I nod to the left, “Tour time.”
“I don’t—”
“You have full access. You should know the layout.” I pull her behind me. “I’ve never invited anyone here; it’s almost embarrassing.”
“Yeah, I can see why,” she jokes.
“This wing was supposed to be a guest suite, but when neither of them moved in, the family wing was kind of left empty. They don’t even stay when they visit once a freaking year.
“This is just a fraction smaller than Dad’s. Same amenities.” I open the door, “Bedroom, bath, sitting area, private balcony. It’s too much.”
She squeezes my hand, “Stop apologizing for your life and show me more.”
So, I do. The third wing is quieter. A wellness suite. Gym, treatment room, meditation space. Windows positioned for sunrise.

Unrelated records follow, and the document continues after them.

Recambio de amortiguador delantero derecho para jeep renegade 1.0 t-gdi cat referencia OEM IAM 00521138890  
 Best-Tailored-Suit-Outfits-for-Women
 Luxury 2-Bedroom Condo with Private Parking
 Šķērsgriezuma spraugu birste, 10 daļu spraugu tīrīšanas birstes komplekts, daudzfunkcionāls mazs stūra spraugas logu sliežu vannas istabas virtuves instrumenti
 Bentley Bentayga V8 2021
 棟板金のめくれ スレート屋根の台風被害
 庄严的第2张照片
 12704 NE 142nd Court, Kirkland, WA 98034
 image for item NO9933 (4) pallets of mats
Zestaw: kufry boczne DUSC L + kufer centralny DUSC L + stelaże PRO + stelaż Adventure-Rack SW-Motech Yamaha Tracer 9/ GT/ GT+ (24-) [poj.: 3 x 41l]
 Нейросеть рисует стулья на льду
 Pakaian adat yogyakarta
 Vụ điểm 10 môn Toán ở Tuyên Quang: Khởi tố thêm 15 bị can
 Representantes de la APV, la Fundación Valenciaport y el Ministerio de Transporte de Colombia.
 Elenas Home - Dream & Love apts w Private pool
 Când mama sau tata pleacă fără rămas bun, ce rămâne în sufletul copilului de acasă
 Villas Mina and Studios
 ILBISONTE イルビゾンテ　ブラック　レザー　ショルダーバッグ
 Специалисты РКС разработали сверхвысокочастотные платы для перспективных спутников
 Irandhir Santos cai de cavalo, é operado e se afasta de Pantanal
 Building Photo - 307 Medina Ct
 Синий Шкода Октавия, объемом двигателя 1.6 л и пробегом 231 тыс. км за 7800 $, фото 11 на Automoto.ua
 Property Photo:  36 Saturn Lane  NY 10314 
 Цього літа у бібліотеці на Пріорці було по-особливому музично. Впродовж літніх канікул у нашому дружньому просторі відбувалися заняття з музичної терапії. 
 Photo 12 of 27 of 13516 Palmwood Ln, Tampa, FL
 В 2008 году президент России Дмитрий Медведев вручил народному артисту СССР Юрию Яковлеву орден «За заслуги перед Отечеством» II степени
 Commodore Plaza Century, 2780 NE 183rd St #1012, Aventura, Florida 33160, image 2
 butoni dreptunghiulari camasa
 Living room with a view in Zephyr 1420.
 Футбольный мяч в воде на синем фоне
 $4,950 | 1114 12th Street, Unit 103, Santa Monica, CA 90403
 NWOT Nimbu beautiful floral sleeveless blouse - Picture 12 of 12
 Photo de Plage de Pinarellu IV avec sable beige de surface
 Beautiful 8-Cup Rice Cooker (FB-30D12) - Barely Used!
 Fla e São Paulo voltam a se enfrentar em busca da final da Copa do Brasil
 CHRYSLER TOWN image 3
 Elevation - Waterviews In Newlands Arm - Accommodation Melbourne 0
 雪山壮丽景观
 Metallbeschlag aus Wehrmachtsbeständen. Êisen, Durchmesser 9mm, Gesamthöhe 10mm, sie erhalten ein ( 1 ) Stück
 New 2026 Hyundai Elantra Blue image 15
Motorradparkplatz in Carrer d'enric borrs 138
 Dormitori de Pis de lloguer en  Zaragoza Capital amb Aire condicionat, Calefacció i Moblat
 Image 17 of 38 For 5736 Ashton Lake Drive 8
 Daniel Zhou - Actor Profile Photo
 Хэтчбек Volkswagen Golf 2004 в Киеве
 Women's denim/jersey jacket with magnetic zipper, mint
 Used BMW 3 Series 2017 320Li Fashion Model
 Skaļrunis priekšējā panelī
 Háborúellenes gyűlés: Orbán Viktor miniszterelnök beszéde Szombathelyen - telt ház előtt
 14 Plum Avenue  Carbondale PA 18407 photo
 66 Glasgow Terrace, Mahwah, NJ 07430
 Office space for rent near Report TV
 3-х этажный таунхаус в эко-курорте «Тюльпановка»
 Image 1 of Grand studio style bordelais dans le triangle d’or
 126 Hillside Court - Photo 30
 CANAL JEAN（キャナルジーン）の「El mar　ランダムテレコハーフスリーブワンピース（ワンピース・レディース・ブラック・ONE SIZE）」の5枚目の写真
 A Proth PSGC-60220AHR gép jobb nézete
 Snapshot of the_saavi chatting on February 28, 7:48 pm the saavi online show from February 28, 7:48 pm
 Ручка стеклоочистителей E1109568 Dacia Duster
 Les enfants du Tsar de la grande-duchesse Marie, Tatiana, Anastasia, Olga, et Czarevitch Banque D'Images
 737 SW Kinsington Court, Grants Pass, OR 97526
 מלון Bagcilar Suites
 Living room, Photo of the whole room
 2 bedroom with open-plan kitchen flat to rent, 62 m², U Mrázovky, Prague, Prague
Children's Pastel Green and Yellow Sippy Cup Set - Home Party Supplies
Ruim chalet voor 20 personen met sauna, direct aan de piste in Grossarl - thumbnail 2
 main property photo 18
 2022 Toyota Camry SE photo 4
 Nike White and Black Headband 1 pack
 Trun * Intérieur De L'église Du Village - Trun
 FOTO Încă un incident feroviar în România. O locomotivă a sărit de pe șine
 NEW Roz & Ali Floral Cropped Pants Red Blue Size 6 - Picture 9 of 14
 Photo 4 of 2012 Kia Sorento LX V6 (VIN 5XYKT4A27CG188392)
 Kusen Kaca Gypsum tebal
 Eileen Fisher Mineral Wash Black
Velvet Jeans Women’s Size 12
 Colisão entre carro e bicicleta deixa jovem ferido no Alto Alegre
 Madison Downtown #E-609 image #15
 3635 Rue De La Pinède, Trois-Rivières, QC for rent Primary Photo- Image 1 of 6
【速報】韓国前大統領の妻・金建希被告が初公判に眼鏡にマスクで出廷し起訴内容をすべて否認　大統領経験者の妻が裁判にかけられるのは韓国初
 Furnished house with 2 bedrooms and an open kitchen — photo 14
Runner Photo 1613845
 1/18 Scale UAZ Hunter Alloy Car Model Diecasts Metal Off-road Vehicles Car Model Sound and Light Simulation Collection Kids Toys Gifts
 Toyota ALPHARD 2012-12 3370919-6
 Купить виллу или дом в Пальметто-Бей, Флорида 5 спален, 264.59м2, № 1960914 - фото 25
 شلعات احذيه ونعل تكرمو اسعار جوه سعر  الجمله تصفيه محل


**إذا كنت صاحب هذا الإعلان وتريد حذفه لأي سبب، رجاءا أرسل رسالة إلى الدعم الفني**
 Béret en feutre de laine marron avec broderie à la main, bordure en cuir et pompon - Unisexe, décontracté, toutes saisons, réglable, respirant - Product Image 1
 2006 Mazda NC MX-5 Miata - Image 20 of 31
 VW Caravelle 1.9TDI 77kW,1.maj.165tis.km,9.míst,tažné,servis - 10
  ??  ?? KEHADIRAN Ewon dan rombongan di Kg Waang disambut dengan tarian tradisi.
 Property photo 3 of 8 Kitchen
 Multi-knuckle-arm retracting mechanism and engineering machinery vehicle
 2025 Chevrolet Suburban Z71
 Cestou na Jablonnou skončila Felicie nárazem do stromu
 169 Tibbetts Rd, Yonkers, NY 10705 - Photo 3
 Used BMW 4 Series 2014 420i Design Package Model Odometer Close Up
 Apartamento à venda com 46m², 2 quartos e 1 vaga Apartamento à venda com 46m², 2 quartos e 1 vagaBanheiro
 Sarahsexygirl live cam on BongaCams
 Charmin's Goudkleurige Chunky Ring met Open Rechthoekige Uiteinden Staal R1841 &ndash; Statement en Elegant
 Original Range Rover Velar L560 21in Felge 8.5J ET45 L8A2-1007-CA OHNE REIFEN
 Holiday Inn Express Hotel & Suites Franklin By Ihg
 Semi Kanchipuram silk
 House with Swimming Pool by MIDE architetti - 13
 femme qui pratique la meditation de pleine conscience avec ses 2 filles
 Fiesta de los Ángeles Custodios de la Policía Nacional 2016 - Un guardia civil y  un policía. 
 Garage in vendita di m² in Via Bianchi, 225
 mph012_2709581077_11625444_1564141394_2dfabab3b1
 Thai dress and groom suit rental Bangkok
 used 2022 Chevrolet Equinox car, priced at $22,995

“Everything designed to keep a man functioning longer than his body might allow, but it did nothing for him.”
“I’m so sorry you’re doing this all alone.”
“I’m not alone here ever,” I whisper. Then look at her, “When you landed in the city, my life changed. Now I have you, my four girls, and hockey.
The fourth wing is the most telling. A family wing.
Media room. Multiple bedrooms, all with identical layouts.
Neutral. Unclaimed. Prepared for people who never quite arrived, a place where right now, I imagine Claudia and I getting ready for school, having sleepovers, because she would have insisted we be normal, and I’d have fought for it.
“This isn’t what luxury should feel like. This is cold marble, everything gold-plated and silent; it’s a controlled and catered space. I have hated it my entire life, yet now I know I’ll miss it.”
Claudia’s fingers curl tighter into mine. “It’s odd not to feel even the slightest bit of envy of a life that could have been. I just wish we had known each other sooner. I think we were both lonely.”
“Not that this excuses him for not finding you, but he was too.” I shake my head. “He wanted a family to share all this with and, well, now it’s like he built his own cage.”
“It’s a stunning one.”
“The fifth wing, dining and entertainment.” I force a laugh. “Never used.”
“I imagine you’ll host amazing dinner parties one day.” She smiles softly. “Your kids will—”
“I don’t want to raise kids like this. I want warmth, messes of toys, noise, and a dog to raise hell in a backyard. I want my daughter to try to sneak out her window and not know she’d be splattered all over concrete if she actually did so, she just… exists.”
A throat clears behind us, and we turn.
“James sent us up,” Aleks says, running his hand through his messy hair, still wet from the quick shower he took before we left the arena for Icehouse.